Sosyal medyada yayımlanan ve basitçe üzerinde düşünüldüğünde bile bir saçmalık olduğu anlaşılan o metin Taliban Sözcüsü Zebihullah Mücahid’in yardımcısı Bilal Kerimi tarafından yalanlanıyor.
Tüm bunlar 27 Eylül tarihinde yaşanırken bizler beklemeye devam ettik. Olur ki Taliban’dan yapılan yalanlama sonrasında Mustafa İslamoğlu paylaşımını kaldırır. Ancak kendileri bunun yerine her zamanki lümpen üslubuyla “Buhari gibi en muteber kitaplarına yalan hadis koyanların sözüne itimat edilmez” diyerek kendi öne sürdüğü iddianın reddedilmesini önemsemediğini ifade etti.
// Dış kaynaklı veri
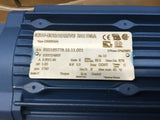 Sew-Eurodrive DRE80M4 1HP Gear Motor 230/460 Volts 5.09:1 Ratio 1800/342 Rpm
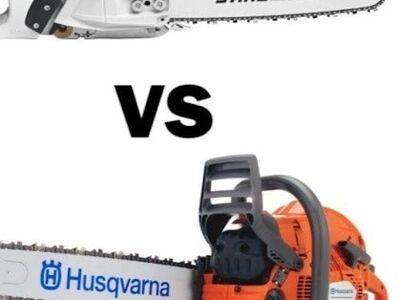 Бензопила Stihl, Husqvarna
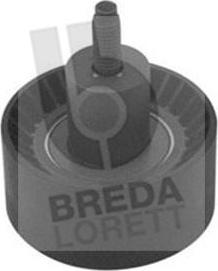 Breda Lorett PDI3099M - Паразитний / Провідний ролик, зубчастий ремінь autozip.com.ua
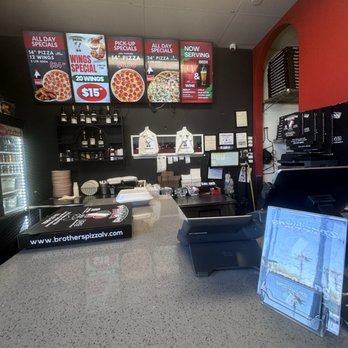 Brother's Pizza - Front of the house/ where your order - Pizza Near Me - Las Vegas, Nevada Brother's Pizza - Front of the house/ where your order - Pizza Near Me - Las Vegas, Nevada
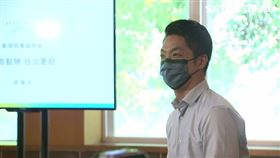 蔣萬安「友善動物 共好城市」政策發佈會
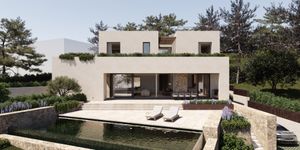 Villa in Cas Catala - Premium Neubauvilla mit Meerblick (Thumbnail 1)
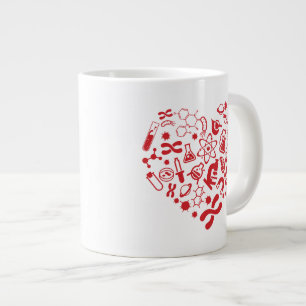 Grande Tasse Coeur Espace Et Science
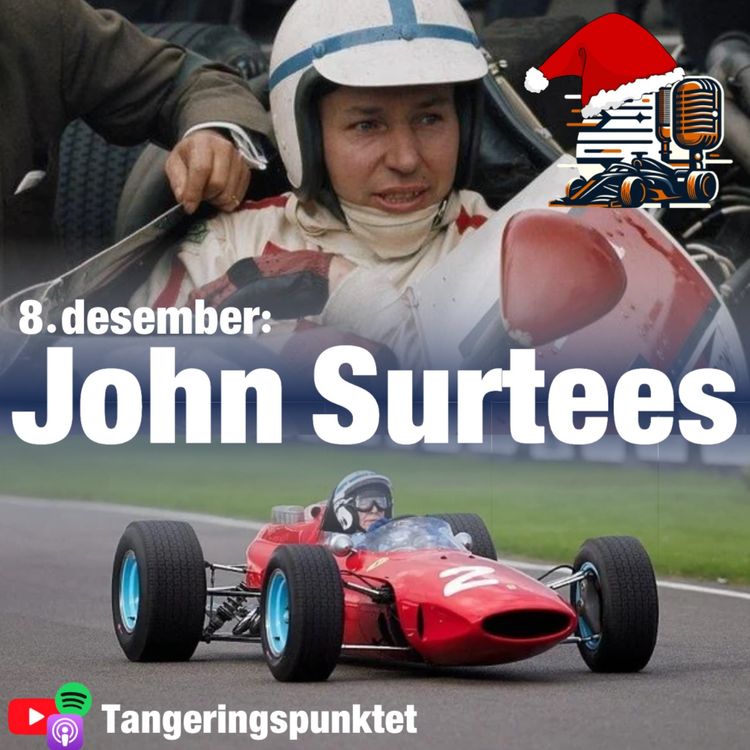 cover art for 8. desember: John Surtees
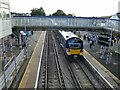 Thameslink train at Charlton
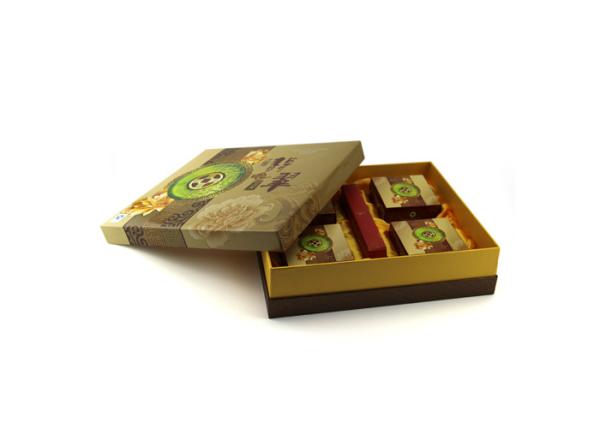 As caixas de presente de papel recicl para a jóia/presente/alimento/vinho personalizaram a forma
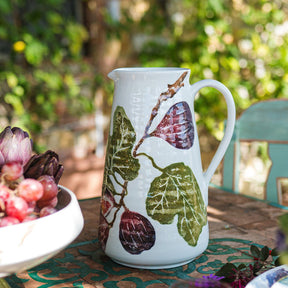 Vietri Fico Large Pitcher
İslam kardeşliğinden zaten geçtik insanlar arası hukuku da çiğneyip “müddei iddiasını ispata mecburdur” evrensel kaidesini de çiğneyen Mustafa İslamoğlu’na ne söylenebilir ki? İddia eden olarak iddia ettiği şeyin muhatapları tarafından “sahte belge” şeklinde yalanlanması karşısında yaptığından utanmayanın söylediklerinin de hiçbir ehemmiyeti kalmamıştır artık! Rabbimiz ıslah etsin demekten başka bir şey gelmiyor elimizden!